Egal ob Freak, Nerd, Geek oder einfach nur Computer-Interessierter, die IT-Branche ist aus unserer „vernetzten“ Welt nicht mehr wegzudenken und sucht ständig fähige Azubis.

Was macht ein Fachinformatiker für Anwendungsentwicklung?

In der Ausbildung Fachinformatiker für Anwendungsentwicklung dreht sich alles rund um die Entwicklung von Software, die beispielweise von Kunden vorgegebene Funktionen erfüllen soll. Dazu planen, konzipieren und programmieren Fachinformatiker die unterschiedlichsten Programme und Anwendungen und entwickeln anwendungsgerechte und nutzerfreundliche Bedienoberflächen. Dabei kommen verschiedene Programmiersprachen und spezielle Entwicklertools zum Einsatz.
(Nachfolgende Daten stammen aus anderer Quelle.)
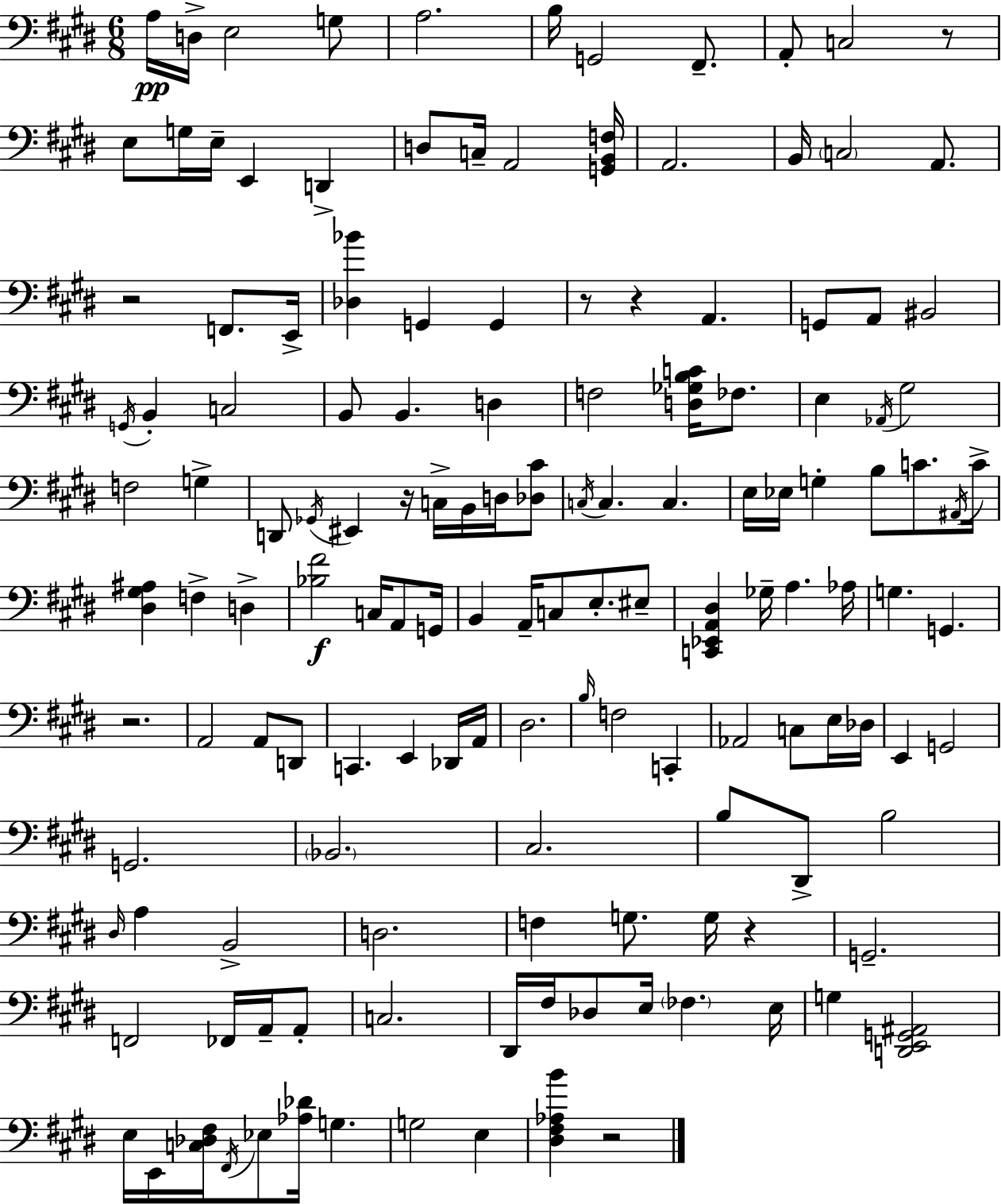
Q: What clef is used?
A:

Auch die Schulung von Anwendern der neuen Software gehört zum Berufsbild. Zudem werden Fachinformatiker auch in der PC-Spieleentwicklung gebraucht.

Nach der Ausbildung arbeitest du in Unternehmen der IT-Branche oder in IT-Abteilungen von Firmen unterschiedlichster Branchen und Wirtschaftsbereiche.

Das Berufsbild zum Fachinformatiker für Anwendungsentwicklung kann ganz unterschiedlich aussehen. Das hängt von deinem Ausbildungsbetrieb ab, der Branche, in der du arbeitest, und dem Arbeitsbereich, in dem du tätig bist. Die Wahl des passenden Ausbildungsbetriebs ist also sehr wichtig, damit du dich in der Ausbildung wohlfühlst und damit deine Stärken zur jeweiligen Stelle und Arbeitsumgebung passen.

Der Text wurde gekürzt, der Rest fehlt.